# How To Deal With An Obnoxious Cell Phone User



## Reverie (Aug 9, 2004)

Don't you sometimes wish evil on these people?...

Dealing With an Obnoxious Cell Phone User

Reverie


----------



## RLW7302 (Feb 27, 2005)

Cell phones are a terrific technology (hey - I work in the industry), but I must admit ... we, as a society, have not yet mastered the etiquette for when, where and how to use them.









But please ... keep using them!







Just be sensitive to those around you. They don't want to hear your conversation!


----------



## skippershe (May 22, 2006)

I'm with you Reverie,
Anyone driving like an idiot always turns out to have a cell phone adhered to the side of their head, guaranteed!


----------



## HootBob (Apr 26, 2004)

Nice one









Don


----------



## Sluggo54 (Jun 15, 2005)

Reverie said:


> Don't you sometimes wish evil on these people?...
> 
> Dealing With an Obnoxious Cell Phone User
> 
> Reverie


Nuttin' to it, Rev:

http://www.emersons.net/russ/tacjam.html

Sluggo


----------



## mountainlady56 (Feb 13, 2006)

Some people are SO LOUD talking in restaurants, etc., with cell phones! Especially those that are the walkie-talkie deals!!








Good one, Reverie!
Darlene


----------



## nynethead (Sep 23, 2005)

Do they make a smaller version of the jammer, I'd put one in the bed of my truck when the 5'er's not attached.


----------



## Campforthenight (Apr 1, 2007)

I want a button to push that totally fries the electronics in the vehicle 3 cars away. You know the one that BOOM BOOM BOOMS and vibrates through the body.


----------



## Sluggo54 (Jun 15, 2005)

Doug30506 said:


> I want a button to push that totally fries the electronics in the vehicle 3 cars away. You know the one that BOOM BOOM BOOMS and vibrates through the body.


I always thought if I couldhave one magic power - well, x-ray vision would be fun, but I would love the power to make tires go flat. One down for the every day goober, two for a real jerk, etc...

Sluggo


----------



## Y-Guy (Jan 30, 2004)

I was at a conference with about 7,000 people, they made it very clear at the start of each session to turn the phones OFF - not even to vibrate. So one yahoo's phone rings during a very dynamic speaker - he, without missing a beat, runs down to the guy and asks for his phone - answers it with his mic still on and says he can't take the call since he's attending a conference. He was nice, but you should have seen the hundreds of people reaching to turn off their phones. I used to enjoy my cell phone now its Satan


----------



## battalionchief3 (Jun 27, 2006)

I only use my Jedi skills for good not evil...That seems pretty good to me..

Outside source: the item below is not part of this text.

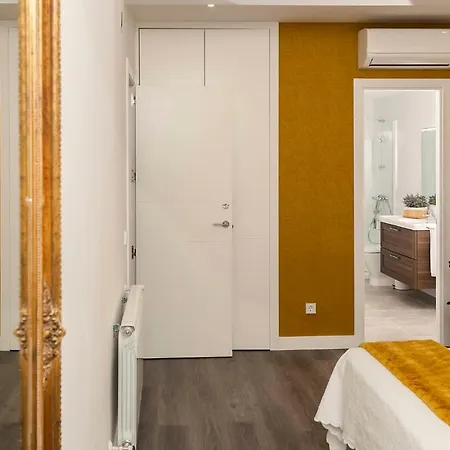 Apartment Domus *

May the force be with you.


----------



## OregonCampin (Mar 9, 2007)

I hate it when people talk on their cell phones in restaurants and other public places - I mean if I want to hear a phone conversation while I am eating a dinner out I will eat dinner at my desk at work!









My husband had (note the HAD) a bad habit of this - we would just sit down to dinner and his phone would ring and sure enough, he would sit there and take the phone call (90% of the time it would be a work phone call). Needless to say, he is not a multi-tasker, so you cannot talk to him while he is on the phone, so I would make a point of talking at him and it would drive him crazy, so now he has learned to take it OUTSIDE! I will do that to other people too - if someone is on the phone near me I will talk as loud as I can until they get the hint saying things like " I sure wish someone would call me so you could listen to my conversation" or "I am SURE glad your wife/husband found out the results of their STD test came back ok" - yes, I can be a little obnoxious, but I want to enjoy my time as well and I really don't care that your sister/brother/friend just broke up with their gf/bf/spouse and "OMG" I can't believe they did that either!


----------



## mountainlady56 (Feb 13, 2006)

Doug30506 said:


> I want a button to push that totally fries the electronics in the vehicle 3 cars away. You know the one that BOOM BOOM BOOMS and vibrates through the body.


Doug,
Don't EVEN get me started!! My neighbor has a trunk full of speakers in his trunk, and, unfortunately, he parks close to the privacy fence (mine) that separates our property, which is only about 15' from my bedroom. After calling the law to him not once, not twice, not even THREE times, and him cutting it down when the officer was driving up and turning it back up when the officer left, I flagged down a deputy for the FOURTH intervention. The deputy said he could either turn the music down, or take a trip downtown with him, it was his choice. We have a noise ordinance, but this guy starts drinking and doesn't care. ARGH!! We've been toe-to-toe over this several times, but now, I let the law officers handle it. Haven't had any more trouble, since this incident. I had a migraine, and left home, with no business driving, to escape the music, until I flagged down the deputy. You have NO idea how much I would love to use my 38 special on those woofers!!








Darlene


----------